There is evidence that consumers are increasingly aware of their data rights. In 2019, around 60 percent of European consumers knew that rules exist to regulate the use of their data, an increase from around 40 percent in 2015. However, consumer attitudes remain uneven across jurisdictions. Consumers in the US and Europe are more concerned about corporate accumulation of personal data, while those in Brazil and China are more comfortable trading data privacy for personalised services.
In aggregate, the costs of data breaches and ransomware attacks are significant. Direct costs could include penalties and fees, lawsuits, remuneration to customers and the cost of recouping data. Experience shows that significant data breaches can cost companies tens of millions of dollars.
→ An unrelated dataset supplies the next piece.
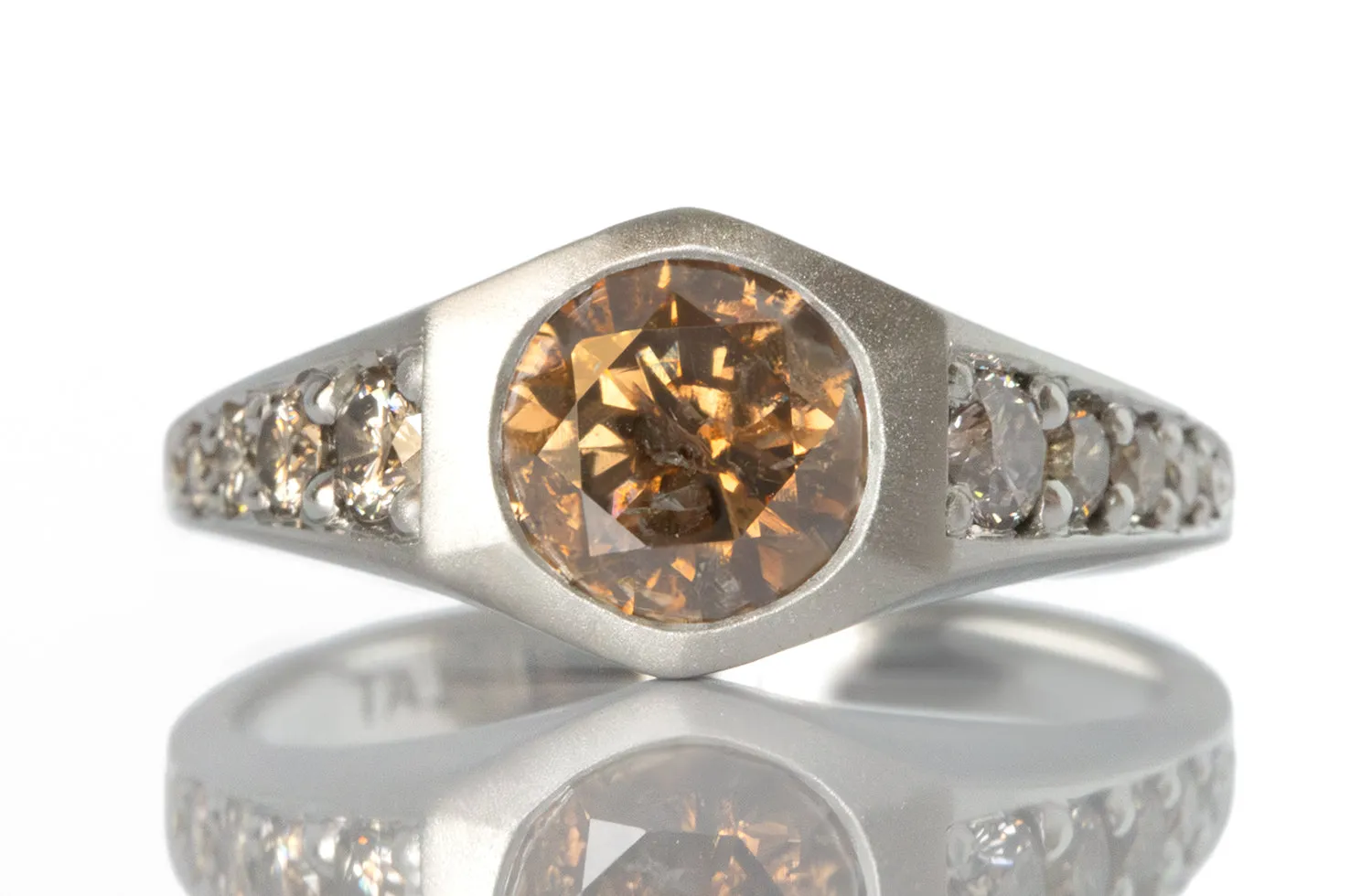 Cognac & Champagne Diamond Signet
There are also indirect costs associated with a potential loss of consumer trust and the struggle to acquire new customers following an incident.
Though complex cyber security measures often require significant investment, there are ways for SMEs and companies with fewer resources to take steps to improve their security. According to Spitzner, since the majority of attacks are still somewhat rudimentary, company leaders should at least focus on the basics. “If you don’t know where to start, start improving your defences in phishing and passwords,” he said.
In an increasingly complex online ecosystem, there is an imperative for fashion companies to boost their operational resilience when it comes to cyber security and allocate a greater proportion of their budget to such defences. That means assessing and actively managing cyber and data risk exposure in the business itself, its third parties and its value chain. Leaders will need to take a risk-based approach, building in-house knowledge and resources while also considering leaning on external support from cyber security firms. Other industries have concentrated these efforts around a dedicated role such as the chief information security officer, who closely ties into legal and privacy teams.
Data is becoming both a strategic asset and a source of financial, reputational and operational risk. To meet customer expectations and comply with regulation, companies should put in place clear standards for the collection, use and storage of data. Moreover, they need to increase awareness of — and accountability for — threats while testing their cyber resilience through initiatives such as training frontline personnel on the sensitivity and handling of data. To prepare employees for the occurrence of a breach or attack, they should regularly organise cyber-attack simulations to test their response practices in real time, including the handling of communications to internal and external stakeholders. While there are many competing items on the C-suite agenda, cyber risk cannot be neglected.